Exercise instructions - Exclude the images and transcribe the entries below precisely.

Collection entries:
= Beginning of Section =

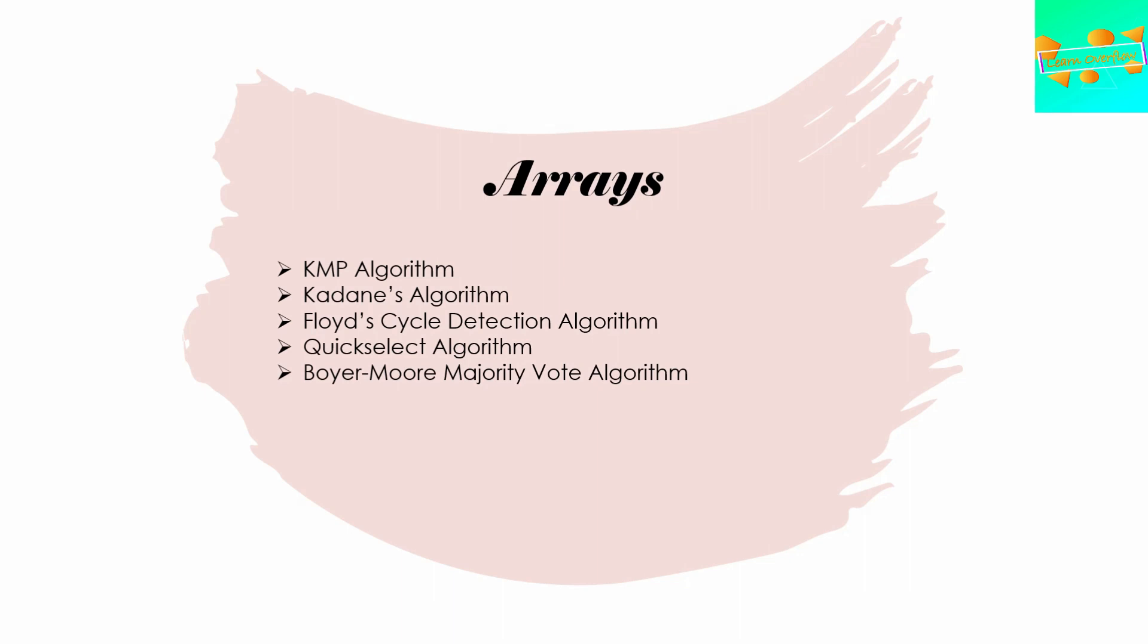And those are the top 25 algorithms that you should know to become a good programmer. I am expecting to make a video about each of these algorithms, explaining them in detail. Let me know in the comments which one you want first.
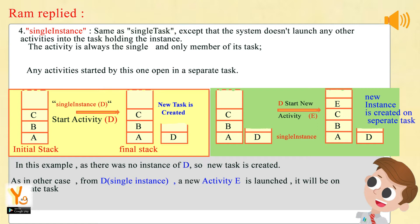4. Single Instance — same as single task, except that the system doesn't launch any other activities into the task holding the instance. The activity is always the single and only member of its task; any activities started by this one open in a separate task. In the above example, as there was no instance of D, a new task is created. In the other case, from D in single instance mode, if a new activity E is launched, it will be on a separate task. For single task, this happens within the same task.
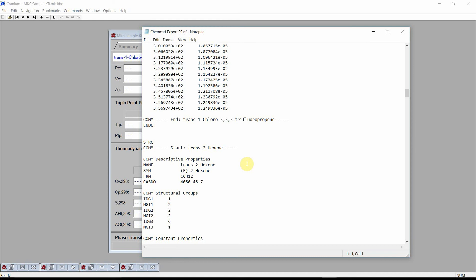This concludes our video demonstration of Cranium's capabilities for generating ChemCAD input files. Please visit our website for additional videos and additional information. Please contact us if you have any questions about Cranium or Synapse, or any questions about physical properties in general. Thank you.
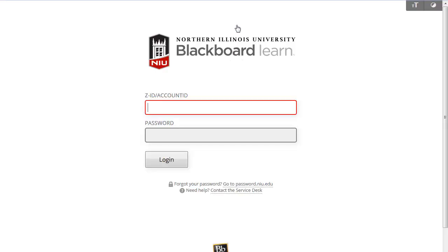To log into Blackboard, you will use your NIU account ID. If you are faculty or teaching staff, you will use your AID. If you are a graduate teaching assistant, you actually have two IDs. Because you are a student, you have a ZID. But because you are also a TA, you have a staff ID as well, which probably starts with the letter A. We recommend that you use your AID for teaching to keep your two roles separate and to avoid confusion for you and your students.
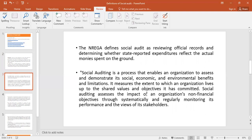NAREGA defines Social Audit as reviewing official records and determining whether state-reported expenditures reflect the actual money spent on the ground. It is the Social Audit that verifies whether the amount the state governments intended to pass on to the deserving and underprivileged was actually received by them — a certification that expenditure is done in an honest manner.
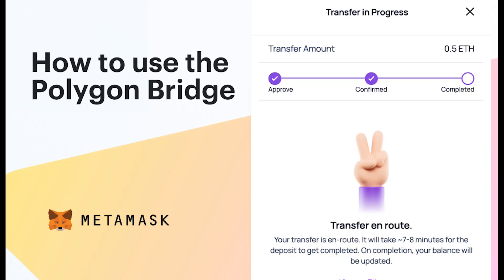Good day! Today I'm going to be showing you how to use the Polygon bridge. By the end of this you're going to know how to bridge your tokens from Polygon to Ethereum, so you can do whatever you want with those tokens or sell them on Uniswap. I'm also going to show you how to do it the other way around — how to buy tokens from Ethereum and transfer them over to Polygon.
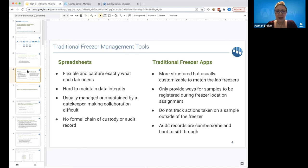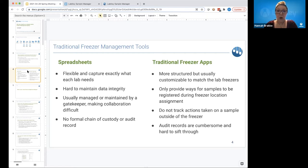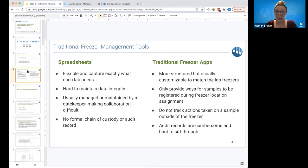Spreadsheets can be very flexible and capture exactly what each lab needs — there are no rules or restrictions on what you can capture. However, they tend to be hard to maintain data integrity and are usually managed by a gatekeeper, which makes collaboration really difficult. It's a burden on that person and disrupts the lab work process when you have to go through them to check samples in and out of the freezer. There's also really no formal chain of custody or audit record, which becomes very cumbersome when troubleshooting what's happened to your samples.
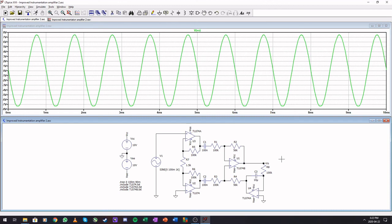That is instrumentation amplifiers and improvements on instrumentation amplifiers. Thank you for watching.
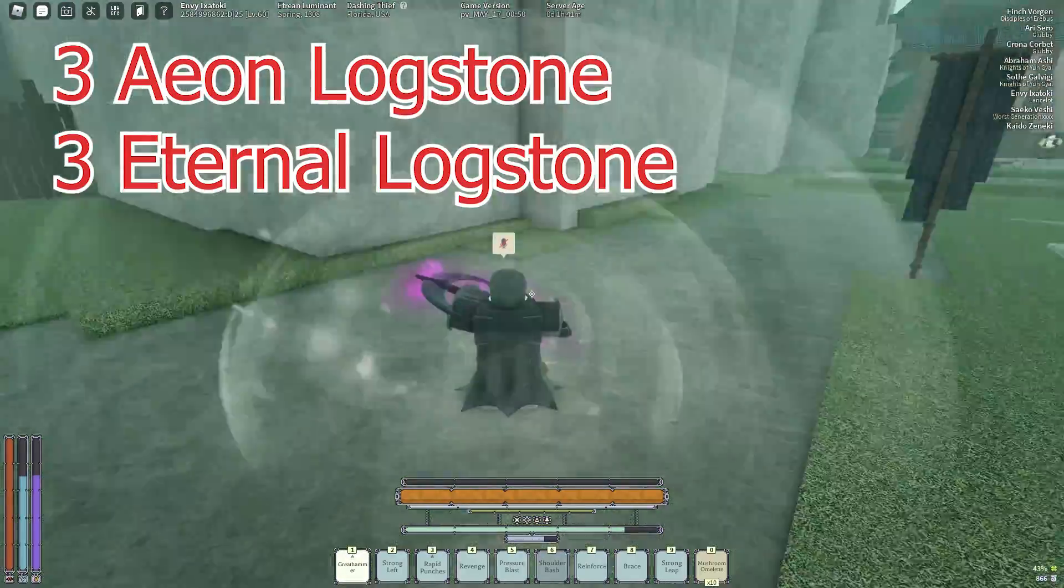Now I'm going to go through all of my build's talents and you can pause to see all of them.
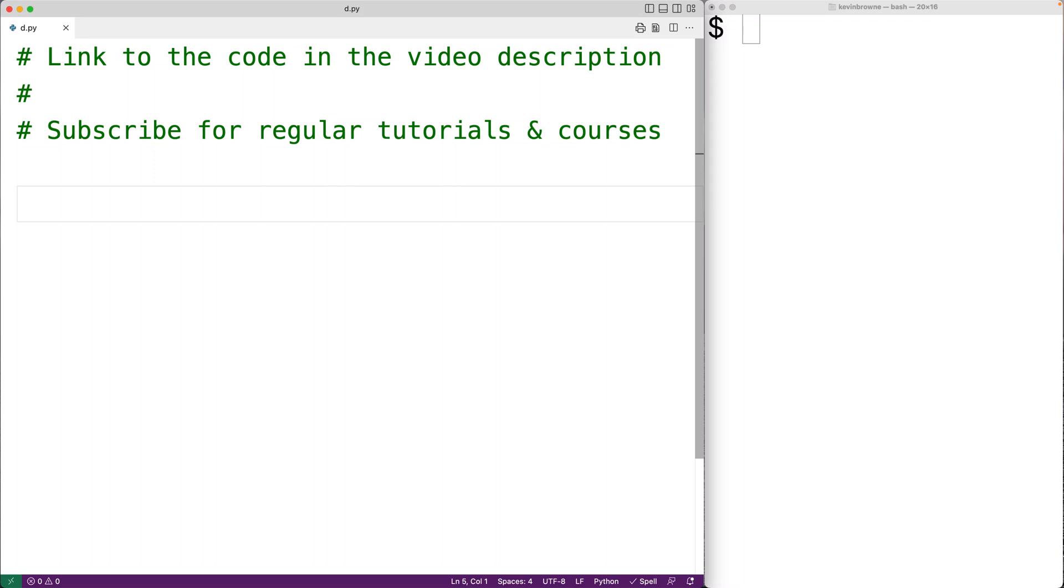In this video, we're going to learn how to check if a string in Python contains only alphanumeric characters using the isalnum string method.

= End of Section =

Response area -
And those are the top 25 algorithms that you should know to become a good programmer. I am expecting to make a video about each of these algorithms, explaining them in detail. Let me know in the comments which one you want first.
4. Single Instance — same as single task, except that the system doesn't launch any other activities into the task holding the instance. The activity is always the single and only member of its task; any activities started by this one open in a separate task. In the above example, as there was no instance of D, a new task is created. In the other case, from D in single instance mode, if a new activity E is launched, it will be on a separate task. For single task, this happens within the same task.
This concludes our video demonstration of Cranium's capabilities for generating ChemCAD input files. Please visit our website for additional videos and additional information. Please contact us if you have any questions about Cranium or Synapse, or any questions about physical properties in general. Thank you.
To log into Blackboard, you will use your NIU account ID. If you are faculty or teaching staff, you will use your AID. If you are a graduate teaching assistant, you actually have two IDs. Because you are a student, you have a ZID. But because you are also a TA, you have a staff ID as well, which probably starts with the letter A. We recommend that you use your AID for teaching to keep your two roles separate and to avoid confusion for you and your students.
NAREGA defines Social Audit as reviewing official records and determining whether state-reported expenditures reflect the actual money spent on the ground. It is the Social Audit that verifies whether the amount the state governments intended to pass on to the deserving and underprivileged was actually received by them — a certification that expenditure is done in an honest manner.
Good day! Today I'm going to be showing you how to use the Polygon bridge. By the end of this you're going to know how to bridge your tokens from Polygon to Ethereum, so you can do whatever you want with those tokens or sell them on Uniswap. I'm also going to show you how to do it the other way around — how to buy tokens from Ethereum and transfer them over to Polygon.
Spreadsheets can be very flexible and capture exactly what each lab needs — there are no rules or restrictions on what you can capture. However, they tend to be hard to maintain data integrity and are usually managed by a gatekeeper, which makes collaboration really difficult. It's a burden on that person and disrupts the lab work process when you have to go through them to check samples in and out of the freezer. There's also really no formal chain of custody or audit record, which becomes very cumbersome when troubleshooting what's happened to your samples.
That is instrumentation amplifiers and improvements on instrumentation amplifiers. Thank you for watching.
Now I'm going to go through all of my build's talents and you can pause to see all of them.
In this video, we're going to learn how to check if a string in Python contains only alphanumeric characters using the isalnum string method.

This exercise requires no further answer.